[Records drawn from a dataset]
[Start of Attachment]
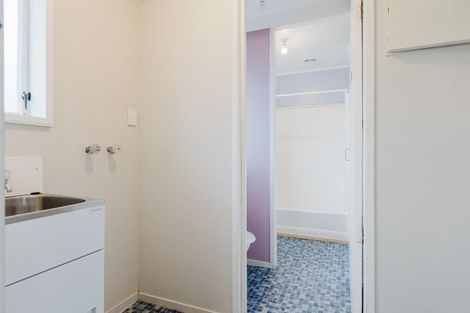 Photo of property in 35 Totara Road, Awapuni, Palmerston North, 4412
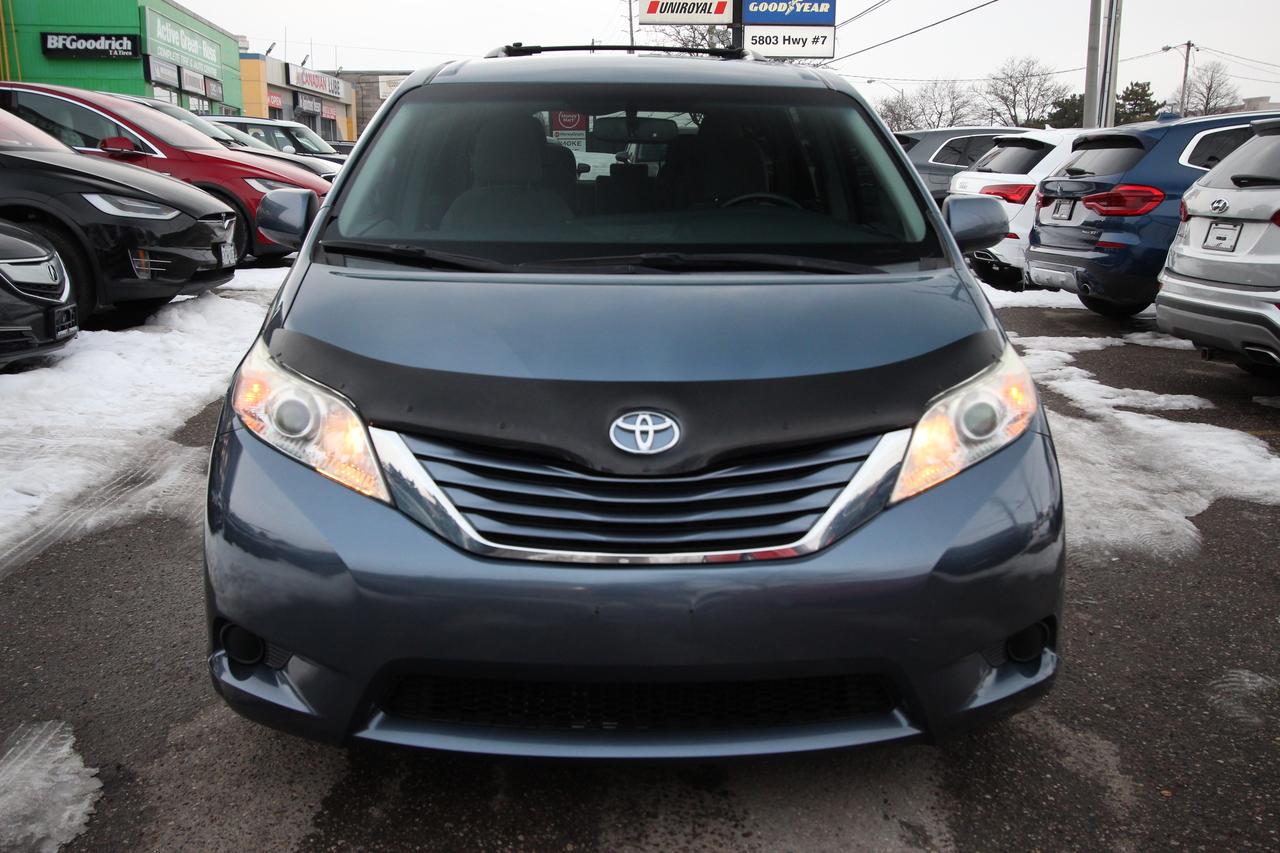 2016 Toyota Sienna LE - CARFAX VERIFIED CLEAN TITLE Photo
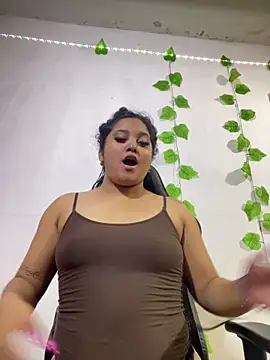 shayna all online show from April 26, 9:01 pm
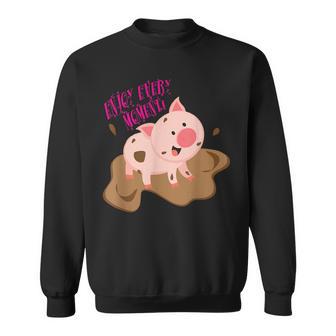泥遊びをする子豚 すべての瞬間を楽しみましょう！ スウェットシャツ - Kawaiitshirt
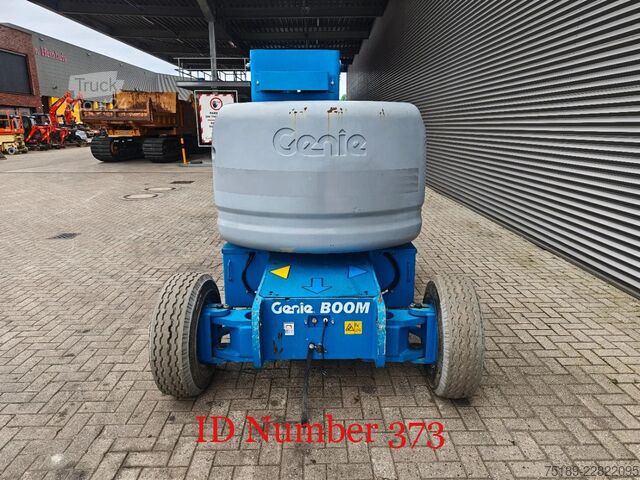 Przegubowa teleskopowa platforma robocza Genie Z45/25J Bi-Energy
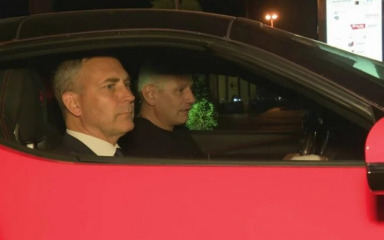 Bartulicu u crvenom Ferrariju vozio kriminalac osuđen za pokušaj ubojstva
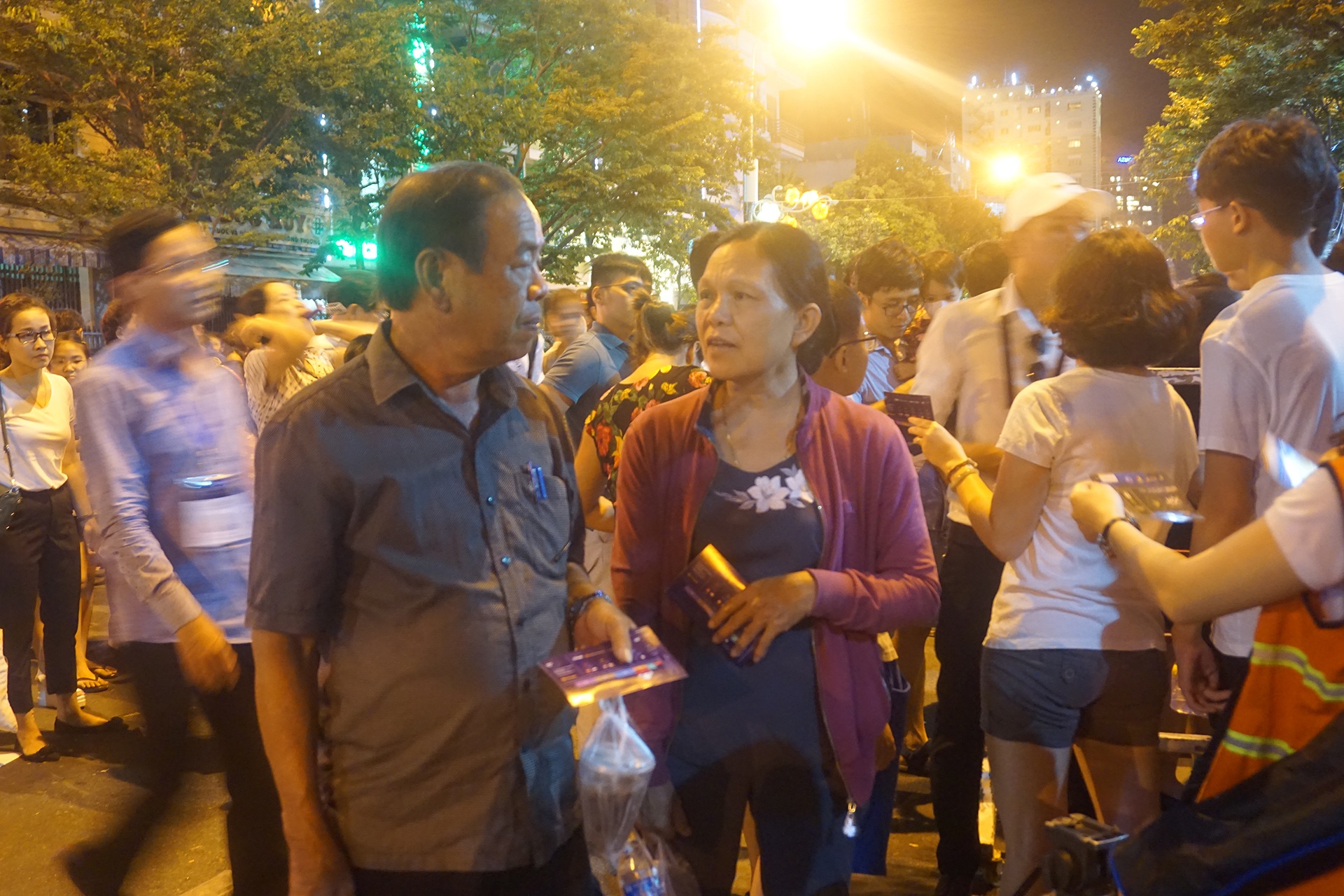 Ve gia tran lan trong dem chung ket phao hoa hinh anh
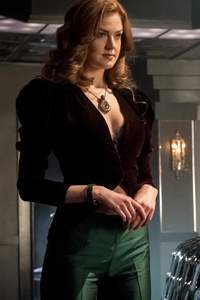 Maggie Geha As Poison Ivy Gotham Season 4 (2160x3840) Resolution Wallpaper
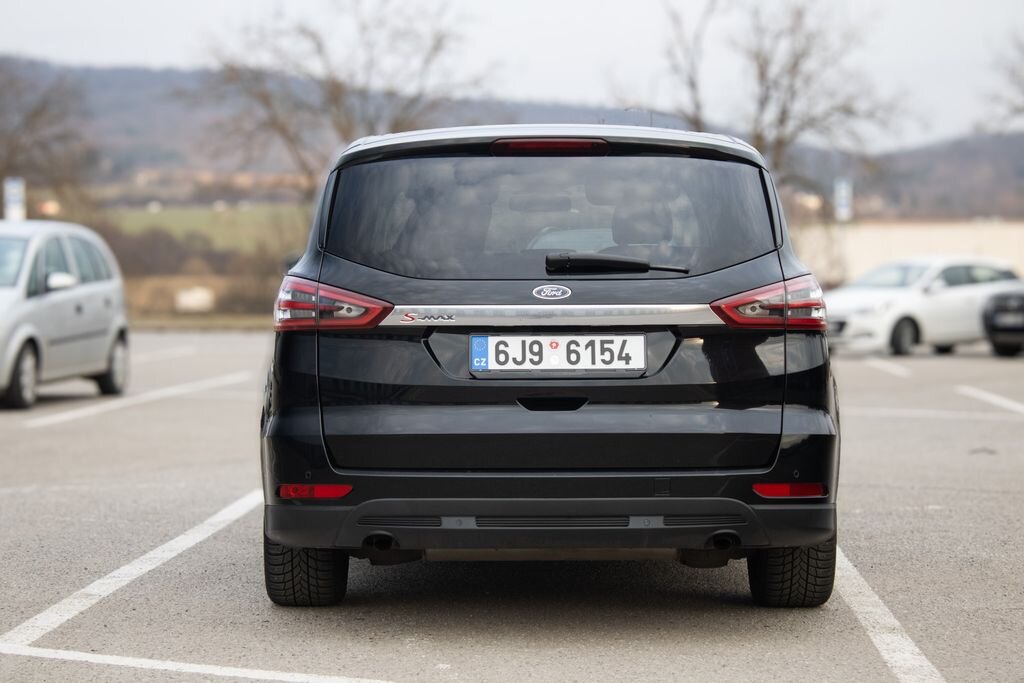 Ford S-MAX MPV 2,0 l 110 kw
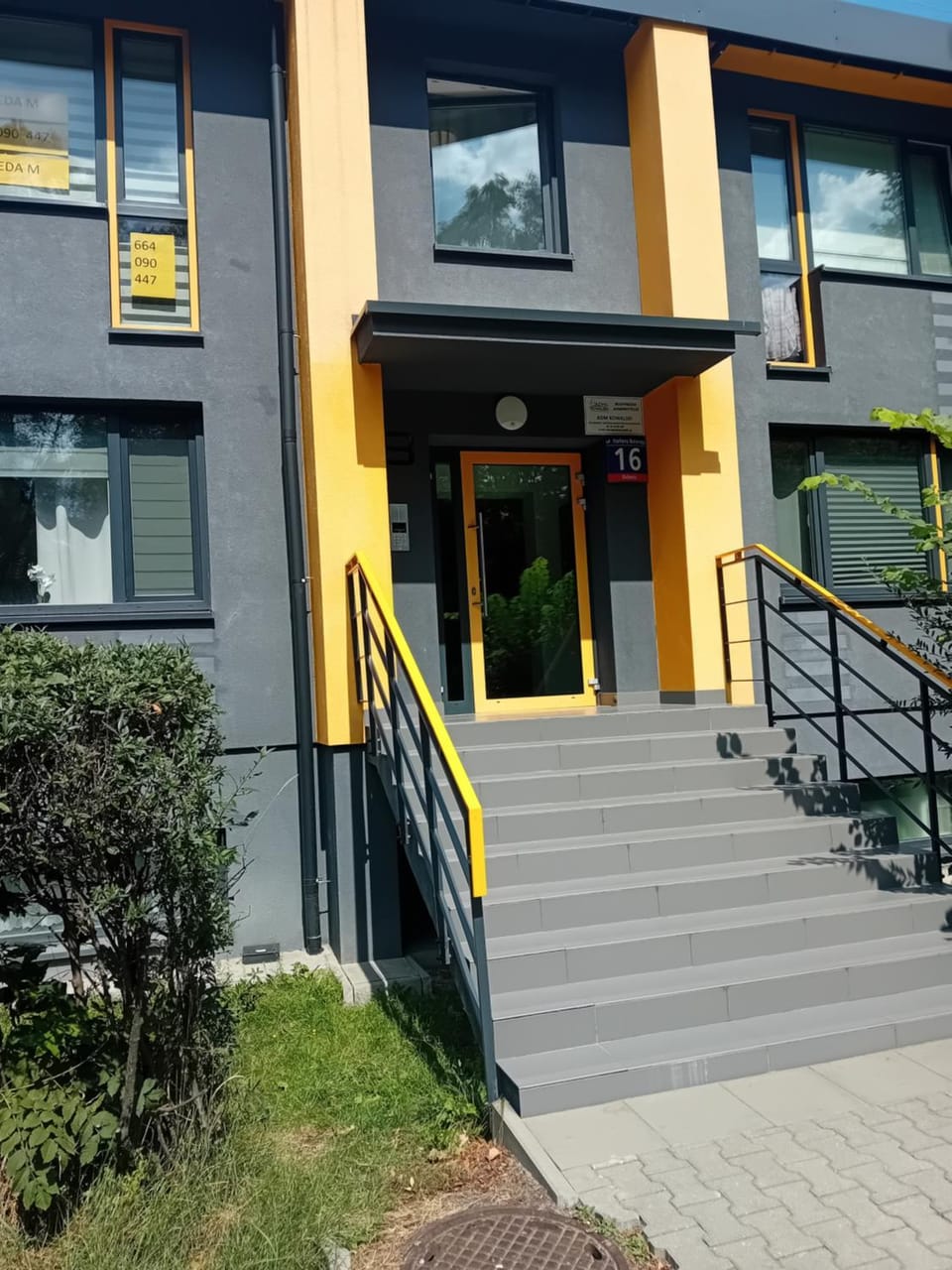 Facade/entrance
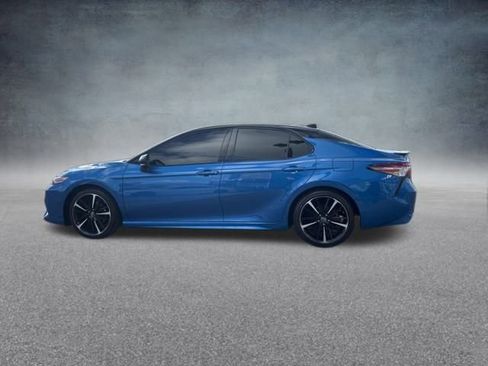 Used 2018 Toyota Camry XSE image 8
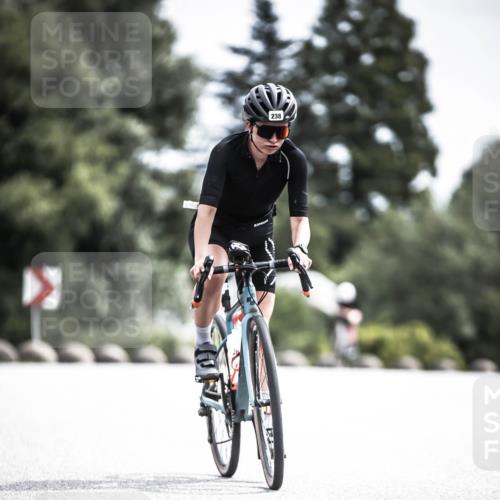 21.06.2026 - 29. Vierlanden-Triathlon H.Heesch http://msf.ph/oto/9906137 21.06.2026 11:44:54 Radfahren 238, 291, 672, 696 meine-sportfotos.de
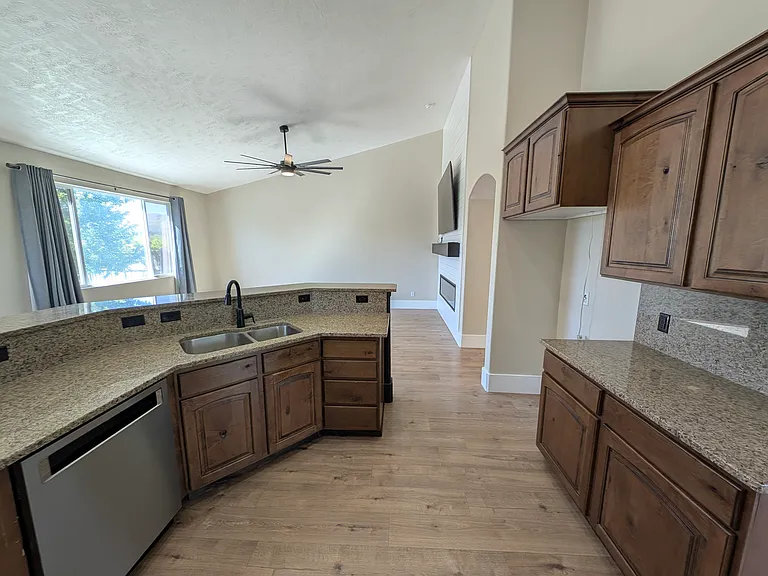 8743 N Franklin Dr — Photo 17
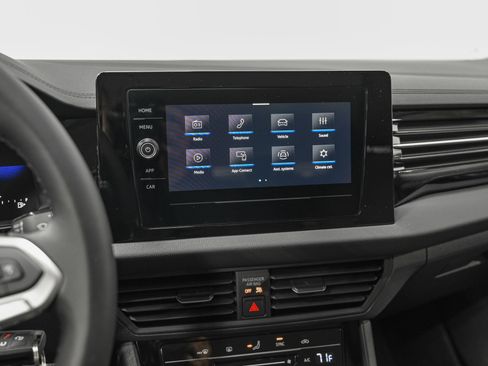 Used 2025 Volkswagen Jetta S image 23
[End of Attachment]
### [GOAL OF THE EXERCISE]
Locate the line containing "Ve gia tran" in the records above, then output it and every line after it through the last, excluding pictures.

### [ANSWER TO THIS TASK]
 Ve gia tran lan trong dem chung ket phao hoa hinh anh
 Maggie Geha As Poison Ivy Gotham Season 4 (2160x3840) Resolution Wallpaper
 Ford S-MAX MPV 2,0 l 110 kw
 Facade/entrance
 Used 2018 Toyota Camry XSE image 8
 21.06.2026 - 29. Vierlanden-Triathlon H.Heesch http://msf.ph/oto/9906137 21.06.2026 11:44:54 Radfahren 238, 291, 672, 696 meine-sportfotos.de
 8743 N Franklin Dr — Photo 17
 Used 2025 Volkswagen Jetta S image 23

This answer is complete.